Lorsque la copie est remise à toute autre personne que la partie elle-même ou le procureur de la République, elle est délivrée sous enveloppe fermée ne portant d'autre indication, d'un côté, que les noms, prénoms et demeure de la partie, et de l'autre, que le cachet de l'étude de l'huissier apposé sur la fermeture du pli.
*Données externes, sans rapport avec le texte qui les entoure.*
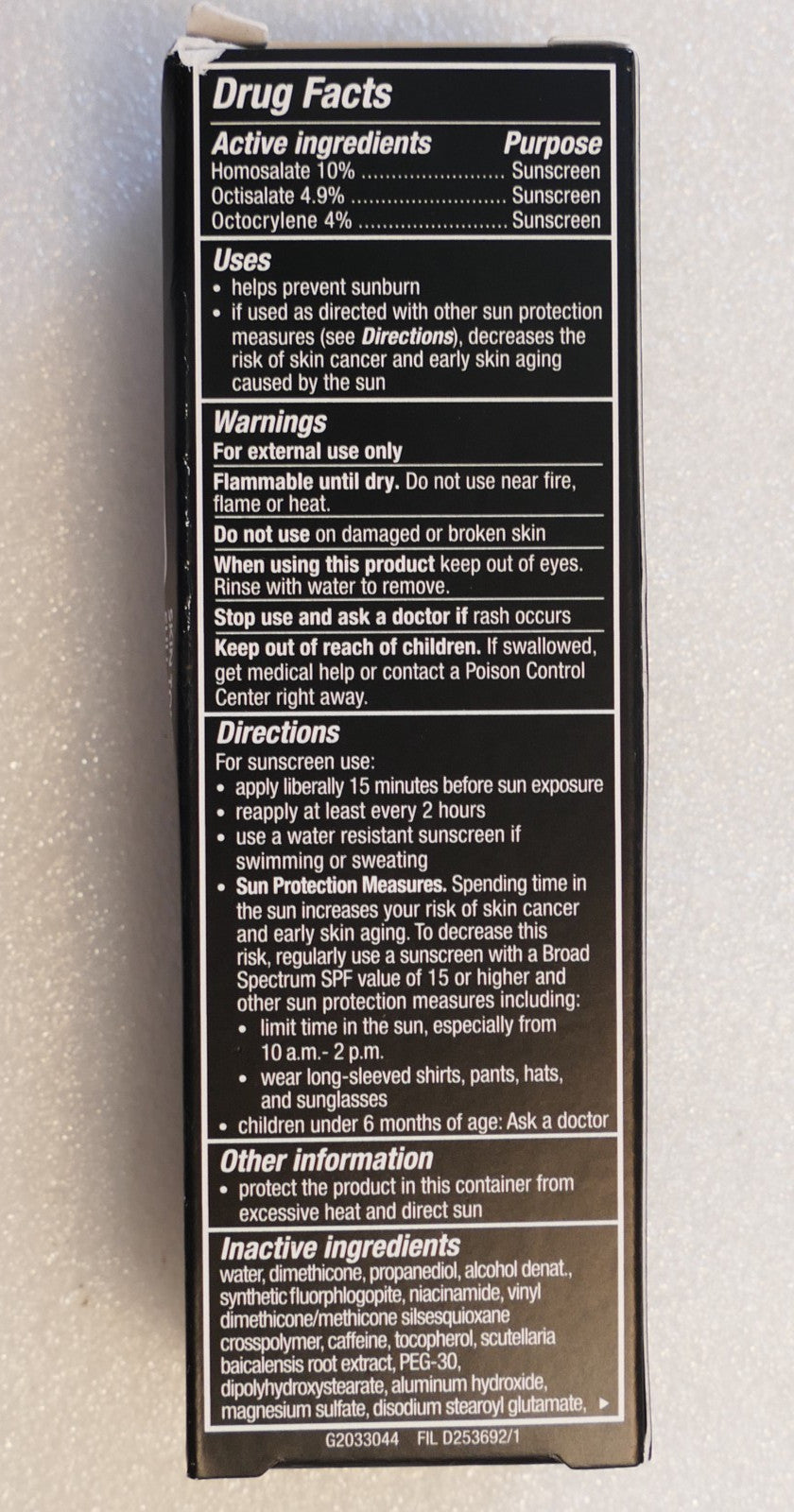 Dermablend Professional CC Cream SPF 50+ Light - Corrective Face Makeup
L'huissier fera mention du tout, tant sur l'original que sur la copie" ;
Et, attendu que pour déclarer la signification irrégulière, le premier juge a énoncé "qu'il résulte du récépissé de la poste que la lettre recommandée tendant à aviser X...Y... du dépôt fait à la sous-préfecture de Dakar-Plateau a été adressée à Dakar [...] ; que selon les déclarations de l'huissier, c'est à cause du défaut d'autorisation du greffe de la prison de Sébikotane qu'il n'a pu accéder à X...Y..., la personne intéressée en l'espèce", puis relevé "qu'il faut distinguer l'exploit qui peut être servi à domicile, à mairie ou au chef d'arrondissement de la lettre recommandée pour avis qui est destinée à la partie intéressée, en l'occurrence X...Y..." et retenu "qu'ainsi, en omettant d'adresser la lettre avec accusé de réception là où se trouve effectivement X...Y..., la personne intéressée, l'huissier n'a pas respecté les dispositions susvisées ; qu'en, définitive, l'exploit ne peut atteindre son objet";
Qu'en statuant ainsi, après avoir constaté, d'une part, qu'étant à Dakar [...], à la maison de X...Y... et n'ayant pu servir l'acte, l'huissier l'a déposé à la sous-préfecture de Dakar-Plateau et, d'autre part, qu'il résulte du récépissé de la poste que la lettre recommandée tendant à aviser X...Y... du dépôt fait à la sous-préfecture de Dakar-Plateau a été adressée à Dakar [...], le premier juge n'a pas tiré les conséquences légales de ses propres constatations ;
Qu'en ajoutant à la loi, une condition relative à la remise de la lettre recommandée là où se trouve effectivement la personne intéressée, il a méconnu le sens et les portée des textes susvisés ;
Qu'il s'ensuit que la cassation est encourue ;
PAR CES MOTIFS :
Déclare recevable le pourvoi formé par l'Etat du Sénégal ;
Déclare le tribunal d'instance de Ziguinchor compétent ;
Casse et annule l'ordonnance n° 01 du 12 octobre 2023 du Président du tribunal d'instance de Ziguinchor :
Renvoie la cause et les partie devant le Tribunal d'instance Hors classe de Dakar pour y être jugées conformément à la loi ;
Ainsi fait, jugé et prononcé par la chambre administrative de la Cour suprême, en son audience publique spéciale tenue les jour, mois et an que dessus et où étaient présents:
Ciré Aly Ba, Premier président, président,
Abdoulaye NDIAYE, président de chambre, Ibrahima SAMB, Aissatou Diallo BA, Fatou Faye Lecor DIOP, conseillers,
Ousmane DIAGNE, premier avocat général ;
Marèma DIOP NIANG, administrateur des greffes
En foi de quoi le présent arrêt a été signé par le Premier président, le président de chambre, les conseillers et l'administrateur des greffes.